## Building 'evaluation' neural networks for go, reversi, checkers etc, how to train?

2

I'm trying to build neural networks for games like Go, Reversi, Othello, Checkers, or even tic-tac-toe, not by calculating a move, but by making them evaluate a position.

The input is any board situation. The output is a score or estimate for the probability to win, or how favorable a given position is. Where 1 = guaranteed to win and 0 = guaranteed to lose.

In any given turn I can then loop over all possible moves for the current player, evaluate the resulting game situations, and pick the one with the highest score.

Hopefully, by letting this neural network play a trillion games vs itself, it can develop a sensible scoring function resulting in strong play.

Question: How do I train such a network ?

In every game, I can keep evaluating and making moves back and forth until one of the AI players wins. In that case the last game situation (right before the winning move) for the winning player should have a target value of 1, and the opposite situation (for the losing player) has a target value of 0.

Note that I don't intend to make the evaluation network two-sided. I encode the game situation as always "my own" pieces vs "the opponent", and then evaluate a score from my own (i.e. the current player's) side or perspective. Then after I pick a move, I flip sides so to speak, so the opponent pieces now become my own and vice versa, and then evaluate scores again (now from the other side's perspective) for the next counter move.

So the input to such a network does explicitly encode black and white pieces, or naughts and crosses (in case of tic-tac-toe) but just my pieces vs their pieces. And then evaluates how favorable the given game situation is for me, always assuming it's my turn.

I can obviously assign a desired score or truth value for the last move in the game (1 for win, 0 for loss) but how do I backpropagate that towards earlier situations in a played game?

Should I somehow distribute the 1 or 0 result back a few steps, with a decaying adjustment factor or learning rate? In a game with 40 turns, it might make sense to consider the last few situations as good or bad (being close to winning or losing) but I guess that shouldn't reflect all the way back to the first few moves in the game.

Or am I completely mistaken with this approach and is this not how it's supposed to be done?

This idea is on the right track! you have pretty much defined alphaZero, where they train a NN to evaluate each move, and then use MC-search for the actual play throughs! – mshlis – 2019-12-02T14:57:44.653

Ok thanks, and do you know if I can find some explanation or further documentation on the training process? – RocketNuts – 2019-12-02T20:45:24.647

1

The evaluation of the last steps in the game can be made with the 1 and 0 as you said. For all the other steps, the evaluation should be the evaluation of the best next step with a small decay.

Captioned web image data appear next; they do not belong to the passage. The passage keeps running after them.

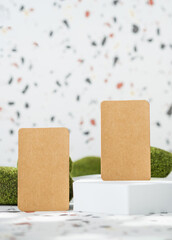 Poster - kraft paper on white geometric pedestal on terrazzo background with summer sunlight and moss rock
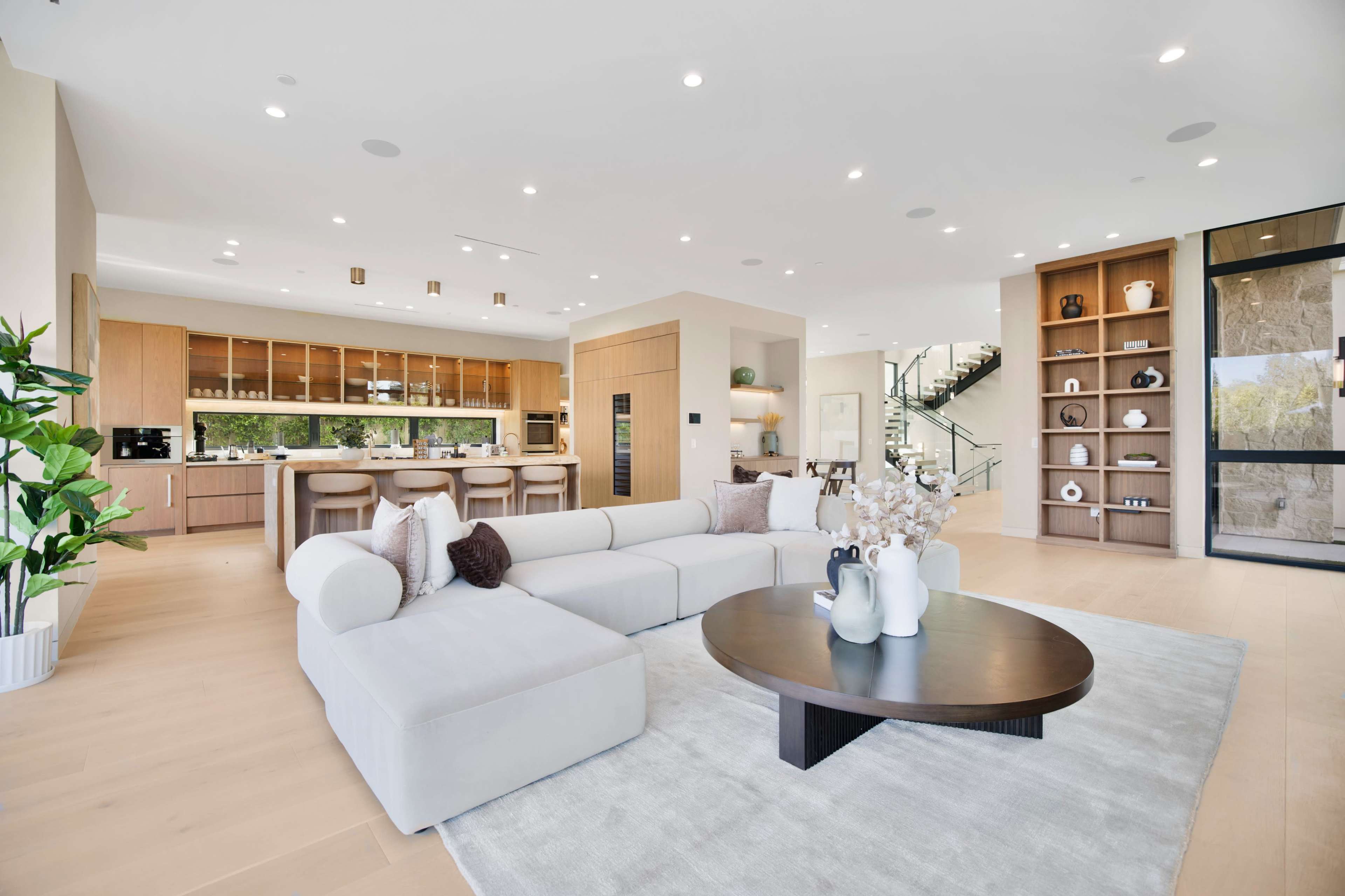 The image shows a modern open-concept living space featuring a light-colored sectional sofa, a round coffee table, a large kitchen area with wooden cabinetry, and a staircase in the background.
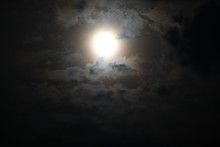 Beautiful Night Sky Background. An Indistinct Image Of A Full Moon In The Dark In A Fog Surrounded By Gray, Pale-lit Fluffy Clouds Of Gloomy Tones.The Mystical Picture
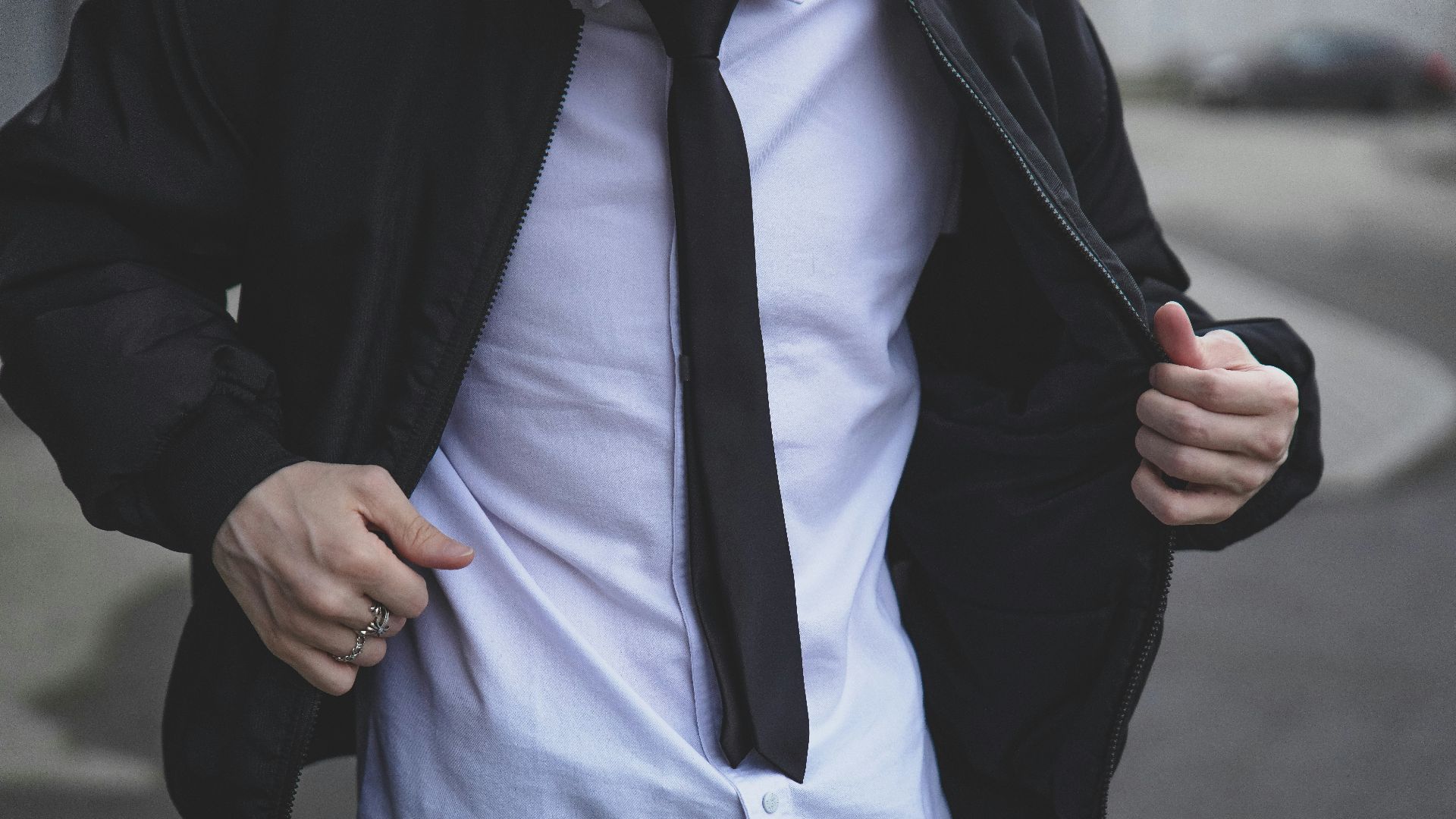 A man is wearing a suit jacket and tie.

Thanks, how do you mean the evaluation of the best next step? For example, if a simulated game of the neural network vs itself proceeds like this. The last move of A (in step 7) should obviously be scored 1 because it wins the game, and the preceding move of B (in step 6) should score 0 because it allowed the opponent to win. But then how further? The preceding step directly before that, move 5 by player A, was actually a very bad move, as player B could have won after that. And in fact player A started the game very badly. So how do I further assign scores?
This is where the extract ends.